Hal ini tentunya berdampak kepada anggaran belanja langsung pegawai dalam postur APBD Pemerintah Kabupaten/Kota masing-masing. Maka saat ini ada Pemerintah Daerah di Provinsi Sumsel yang telah mengantisipasi secara dini dengan memotong Tunjangan Daerah bagi Pegawainya beberapa saat yang lalu, dan adapula yang mengurangi kegiatan perjalanan dinas dan sebagainya. 

Ketiga, resiko keamanan saat pandemi dengan hilangnya pekerjaan/mata pencarian. Pengangguran karena Covid 19 tumbuh sebesar 27.800 orang dan yang tidak bekerja karena Covid 19 sebanyak 16.000 orang (data BPS) akan ada kaitannya dengan indek kriminalitas di Provinsi Sumsel seperti curanmor, curas, perampokan, penipuan dan sebagainya yang sangat mungkin akan meningkat. Ini adalah beban yang nyata yang perlu menjadi konsen semua pihak terutamanya POLRI.
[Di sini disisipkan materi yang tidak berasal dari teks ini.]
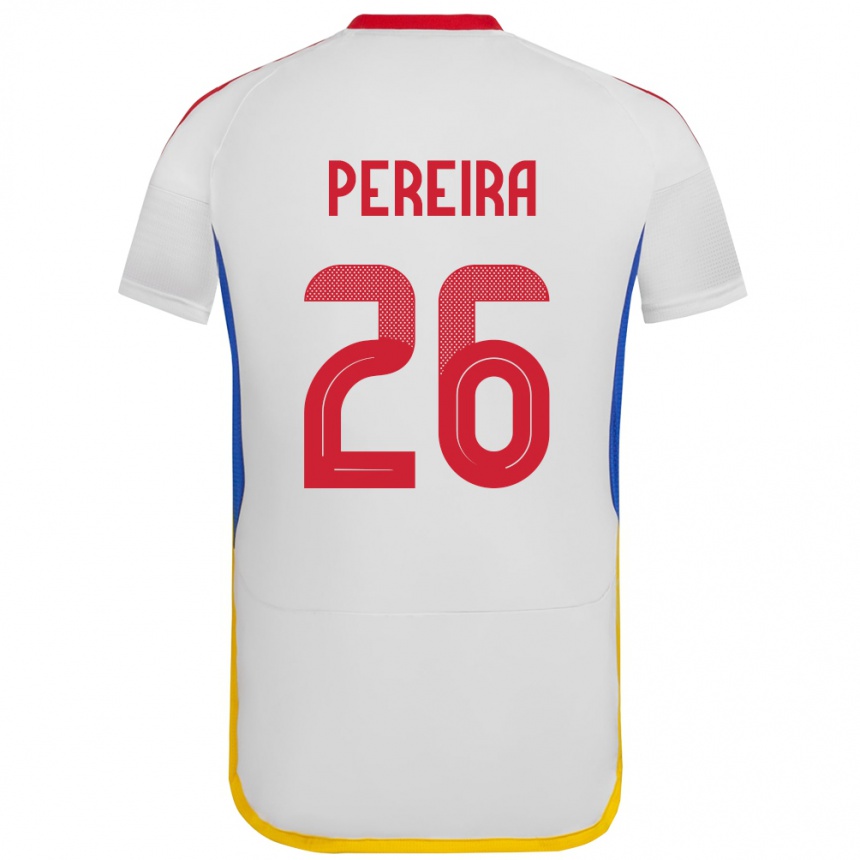 Niño Fútbol Camiseta Venezuela Daniel Pereira #26 Blanco 2ª Equipación 24-26 Perú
Keempat, resiko mobilitas saat ini sangat terasa berat biayanya bagi mereka yang berada di Pulau Jawa dan Bali, dan umumnya bagi mereka yang harus melakukan perjalanan ke luar daerah. Namun kendala ini sedikitnya sudah dapat diurai oleh Pemerintah dengan program vaksinasi nasional tersertifikasi.

Hanya saja, masih menyisakan beberapa persoalan yang tersisa dengan mahalnya biaya test PCR bagi mereka yang akan menggunakan transportasi udara, sementara di sisi lain ulasan alat test covid ini cukup menyita perhatian masyarakat indonesia baik itu yang pro dan kontra dari kebijakan syarat penumpang maskapai penerbangan ini.
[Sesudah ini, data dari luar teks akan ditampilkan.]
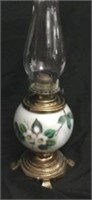 Vintage Hand Painted Brass and Glass Oil Lamp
Kelima, resiko stabilitas nasional secara holistik mau tidak mau akan muncul gesekan antara petugas dari satgas Covid 19 dengan masyarakat yang harus bersitegang dan bahkan juga mempengaruhi sistem peradilan di negeri ini. Keadilan sedang diuji, karena tidak sedikit dari kebijakan Penanganan Covid ini menghasilkan persidangan pidana baik itu tentang pelanggaran social distancing maupun penggunaan anggarannya disetiap level Pemerintahan. 

Maka Kelima resiko ini saya lebih suka menyebutnya dengan dengan “Dinamika Covid 19 dan Peralihan Peradaban Budaya Masyarakat Indonesia”. Sebab secara teori administrasi telah terjadi pergeseran paradigma public service / pelayanan publik yang dilakukan oleh pemerintah yang kini bergeser menjadi public self service karena fasilitas kesehatan negara tidak bisa dinikmati oleh rakyatnya disaat tsunami pandemi covid 19 melanda. 
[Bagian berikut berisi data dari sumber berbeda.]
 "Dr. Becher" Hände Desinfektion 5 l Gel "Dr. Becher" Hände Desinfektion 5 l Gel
Sehingga muncul istilah Isolasi mandiri (Isoman), beli obat sendiri dengan biaya pribadi dsb, namun hikmah dari pandemi ini adalah ternyata Bangsa Indonesia mampu untuk mandiri menghadapi pandemi ini, dan semoga dapat lebih kuat untuk menyambut masa Endemi, karena diprediksi akan banyak muncul varian baru dari Covid 19 selain varian Delta dikemudian hari, bukankah demikian?